I did it in these specific groups for all you who are out there who can’t think of just dropping $900 on a full set of five 4TB drives– like me. The joy of the Drobo is that you can build the storage as you need to. With that in mind for you, I started with two affordable, standard issue, 1TB 7200RPM drives from Seagate. If you have a little bit more money to spend on storage initially, I’d recommend jumping to a NAS drive for reliability, or a gaming/performance hard drive for speed. I tested it with the two 3TB Western Digital RED drives that I chose specifically for longevity instead of performance– after all, this drive is to help you keep your data with the long term in mind. Finally, I combined all the drives and added another 1TB drive I had removed from an old external hard drive enclosure, which turned out to be another Seagate. I’m sure that many of you have accumulated quite a few external hard drives over the years. Adding them into a Drobo is a great way to repurpose those drives.

My Test Machine

  • 2016 MacBook with Retina Display
  • 1.3Ghz Intel m7 processor
  • 8GB RAM
  • Turbo Boost disabled
  • Anker USB-C 3.1 cable

 

I wanted to provide an idea of base performance that one would expect from a setup with one of the slowest possible USB-C laptops. So, for the sake of this benchmark, I disabled Turbo Boost on this Mac, allowing it to only run at a steady 1.3GHz, and connected the Drobo 5C to the MacBook via a USB-C 3.1 cable from Anker that I got off Amazon for $15. Other USB-C cables may only be USB 2.0, so be aware when you purchase one. If you install one of those in for the Drobo or have a processor that’s faster than what I’m using, I’m sure you’ll get a pretty good performance jump.

I tend to do a lot of synthetic benchmarking with two different programs that have been used over the years. Blackmagic Design’s Disk Speed Test, and another one called Quick Bench. In case people were are wondering about settings, I used a 5GB stress test to see the max bandwidth we can get from the device. in Quick Bench, I chose an extended test that reads and writes files in different file size increments, from 20MB to 100MB, and then had the software repeat itself 10 times to get an average for the final results.

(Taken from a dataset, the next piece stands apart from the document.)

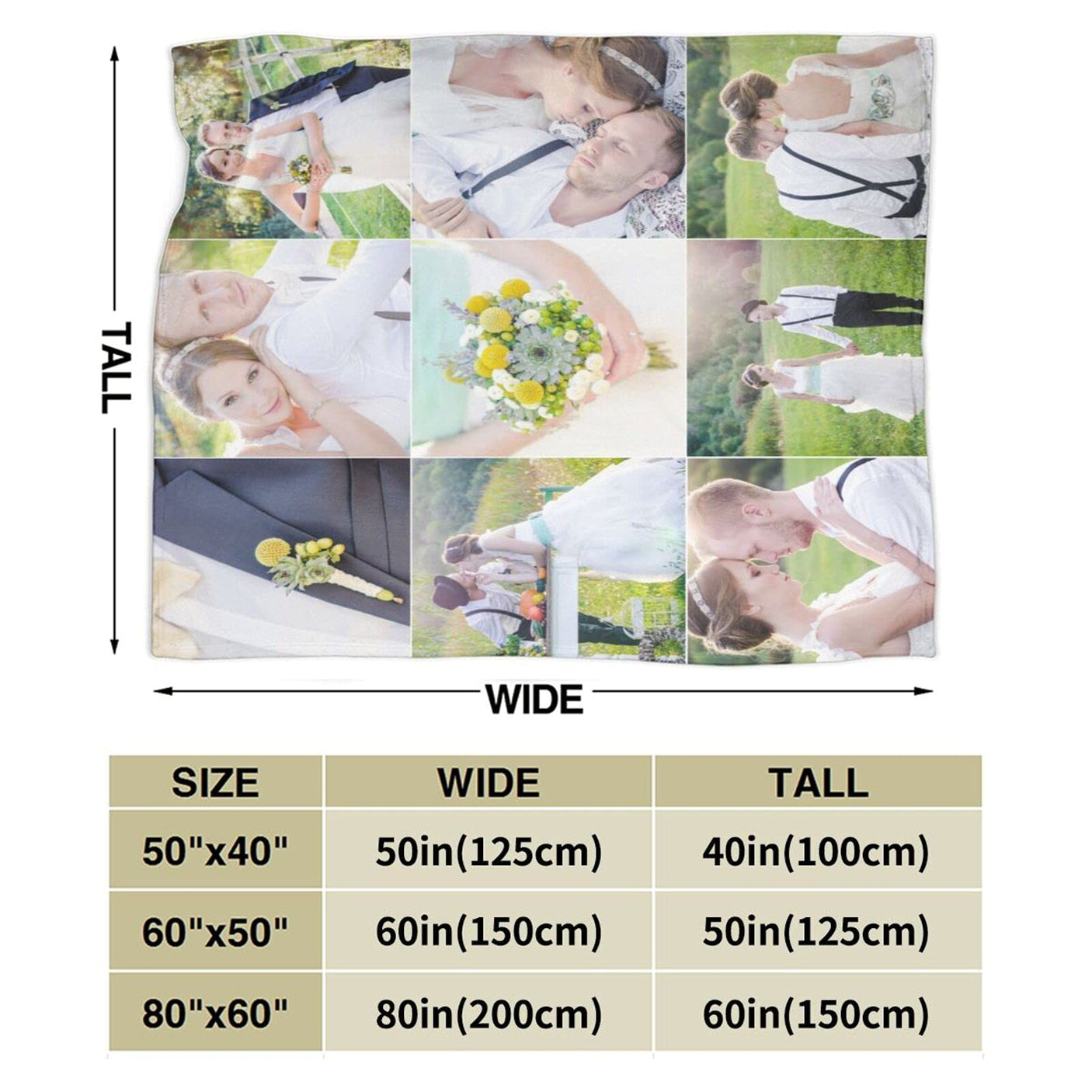 Custom Blanket with Photo Text Personalized Bedding Throw Blankets Customized Flannel Fleece Blankets for Family Birthday Wedding Gift Fits Couch Sofa Bedroom Living Room (1 Photos, 40"x50")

Performance with two 1TB Seagate 7200 RPM drives

I started off with the basics, two everyday Seagate drives. These are just standard drives that everyone can pick up for roughly $47 each or so at B&H. These are just great starter drives, so I figured I’d test them out as an example of a starting point for people out there.

drobo-5c-seagate

seagate

 

Performance with two 3TB Western Digital RED drives

These made-for-NAS drives are drives that are meant to be running for a long time. They’re not technically the fastest performing drives but they provide a good amount of performance and durabiity over the long run, while saving some power and running quietly and efficiently.

drobo-5c-wd-red

wd-red

Performance with the combination of all the drives

Over time, you’ll eventually fill up the Drobo 5C slots with hard drives that you’ll need. With mismatched drives, I wanted to see how the performance would be affected.

drobo-5c-combodrives

combo

 

Analysis

To me, the performance of this Drobo isn’t surprising to me, as my Drobo 5D also performed similarly as I started off with it. It’s been a great simple box to play with. I’d expect it to work as well as my 5D as time goes on. Drobo recommends that for the best performance, have all 5 drives in. The benchmarks clearly show a drastic improvement in write speeds with all 5 drives in compared to just 2.

There’s are differences between the two brands of drives that were running. In a real world scenario, I personally doubt that anyone would really see a difference in transfer times between these two brands drives. They aren’t specialized performance drives, but at least you can expect at least this much speed out of it– which is more than enough for offloading and holding your images in Lightroom like I do.

The Drobo 5C, with a nice budget entry level price of $349, does miss out on one feature that I enjoy from the 5D, which is the mSATA accelerator card–used as hot cache for all the transfers back and forth. The 5D can be had for $599, which has both two Thunderbolt ports and USB 3.0 connectivity as well.